Indian Coal Plant Standards are Four to 20 Times Deadlier Than China's
In March of 2013, Conservation Action Trust, Greenpeace India, and Urban Emissions revealed a shocking death toll from coal-fired power plants in India. They found that 80,000 to 115,000 people die every year from air pollution caused by coal plants. Their report thrust the 'silent killer' into the spotlight. With numbers as high as those, the groups were curious to figure out why coal was killing so many Indians. They commissioned a subsequent analysis (see analysis here) comparing Indian power plant air emissions standards with those of China and Japan. It turns out the reason is somewhat obvious and perhaps even more shocking: Indian standards are anywhere between four and twenty times worse than those in China.
That's right, China - home to the "airpocalypse" and 1.2 million deaths from air pollution - has stronger coal plant pollution standards than India.
But just how bad are India's standards? Glad you asked, because you'd be shocked to know they are quite literally off the charts (Check out the comparison below). That's because India doesn't even have standards for sulfur dioxide or nitrogen oxides - both of which lead to deadly Particulate Matter (PM) 2.5 pollution (A quick note: The charts below use 'nominal' figures to show what emissions from an uncontrolled coal plant might look like).
To help you understand why these standards are so important in controlling pollution, it's important to distinguish between technology-based and health-based standards. Many countries employ a multi-tiered approach to managing air pollution using a mix of both technology-based requirements and health based limitations. The technology based requirements affect coal plants and are those that are described above.
Health-based controls involve setting standards for the amount of pollution in an air shed that is deemed "safe." Of the two technology based requirements are the most cost-effective opportunities to reduce pollution by applying state of the art pollution controls to large point sources (i.e. coal plants). It's these that are woefully lacking in India and for which modern pollution controls are widely available.
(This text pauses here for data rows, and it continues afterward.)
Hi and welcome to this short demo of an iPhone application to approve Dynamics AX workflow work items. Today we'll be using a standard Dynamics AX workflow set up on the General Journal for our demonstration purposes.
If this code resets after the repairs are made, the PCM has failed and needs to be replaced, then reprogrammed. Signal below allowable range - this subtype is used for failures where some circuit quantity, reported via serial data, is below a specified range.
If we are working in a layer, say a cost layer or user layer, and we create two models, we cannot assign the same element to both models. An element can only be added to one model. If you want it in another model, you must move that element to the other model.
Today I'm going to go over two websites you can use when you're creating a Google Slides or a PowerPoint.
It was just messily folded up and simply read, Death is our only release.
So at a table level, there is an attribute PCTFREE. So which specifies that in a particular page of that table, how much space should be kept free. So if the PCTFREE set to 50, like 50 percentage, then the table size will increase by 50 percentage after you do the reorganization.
Even worse though, the standards India does employ (PM) are nearly five times worse than their Chinese counterparts (see the chart on PM emissions). It's also widely known that monitoring or implementation of these weak standards is next to non-existent. To sum it up - India's coal plant standards are deadlier than China's. Given what we know about China, that's downright frightening.
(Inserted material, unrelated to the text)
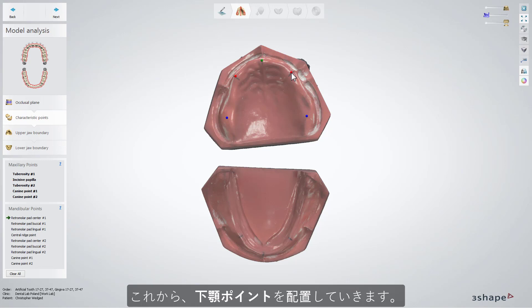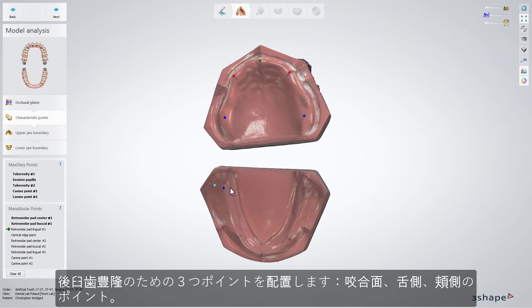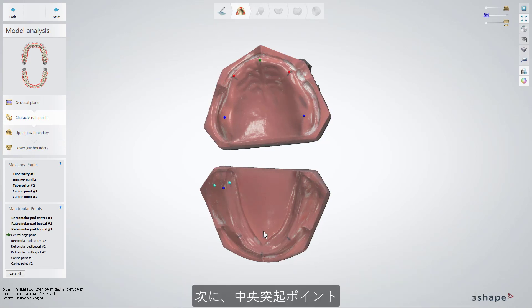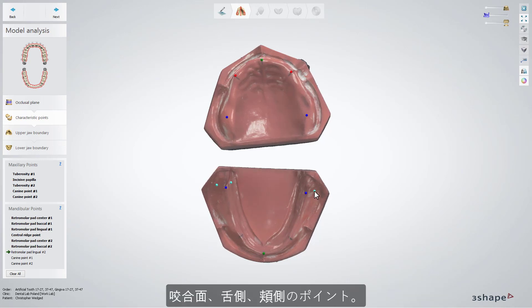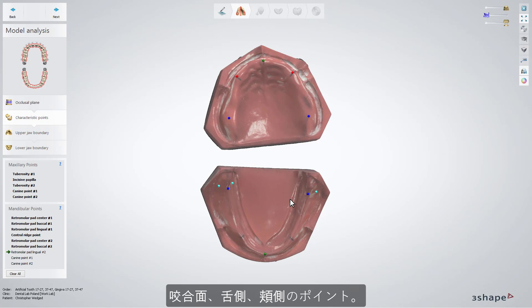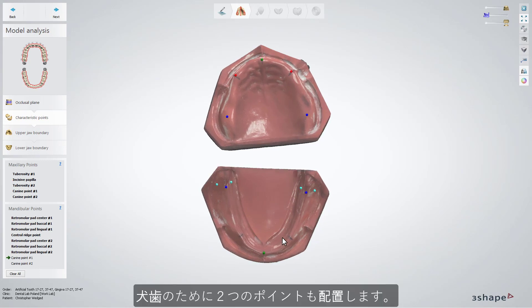Now let's select mandibular points. Start with three points for retromolar: center, buccal, and lingual. Then comes the central ridge. Another three points for the second retromolar: center, buccal, and lingual. And two points for canines.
It's important to remember here what Greenpeace and Conservation Action Trust have chosen as their baseline - China. This is a country that has already gone down a deadly coal path and is struggling with the consequences not just in terms of morbidity and mortality but also in social cohesion. Remember, pollution led to 90,000 mass protests in China in 2011. 90,000!
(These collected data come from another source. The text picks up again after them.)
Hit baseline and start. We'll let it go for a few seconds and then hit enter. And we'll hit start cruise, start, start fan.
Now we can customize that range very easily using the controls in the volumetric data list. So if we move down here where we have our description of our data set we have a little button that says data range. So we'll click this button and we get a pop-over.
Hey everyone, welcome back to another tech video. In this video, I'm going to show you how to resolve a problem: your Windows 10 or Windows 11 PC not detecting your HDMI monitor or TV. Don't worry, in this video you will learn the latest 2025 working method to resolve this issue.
That's why India's path is so concerning. China currently has roughly 775 GigaWatts (GW) of installed coal fired power plants - almost seven times the number in India (121 GW). Those plants are responsible for almost half of all deadly PM in China. The problem is, instead of learning from China's mistake, India is seeking to replicate it. Current plans forecast construction of between 500-600 GW of coal plants with standards far more lax than China currently employs. That means, before long, Indian air quality will be even worse than China's. Not to mention the rampant destruction these plants will bring to India's forests, tigers, and indigenous populations or its water supplies.
Which brings us to our silver lining: These plants have not yet been built. That means there is still time to avoid a Chinese fate. Already, Indian think tanks have called for a complete moratorium on new coal fired power plants due to overwhelming environmental effects. That may seem a bit aggressive, but it's not at all out of line with what many Indian elites are saying about coal these days. Take EAS Sarma, former Minister of Power: "Clearly, it is time for us to halt coal mining to pre-empt further human misery and environmental degradation."
Or try former Minister of Environment and Forests Suresh Prabhu: "Time for a reality check. The present coal-fed centralised energy system will not be useful in the long-run."
With the ministry of coal calling for a freeze on coal plants all together (due to fuel supply constraints) India now has the opportunity to radically rethink its approach to coal development. 100,000 lives every year depend on that decision with countless more hanging in the balance.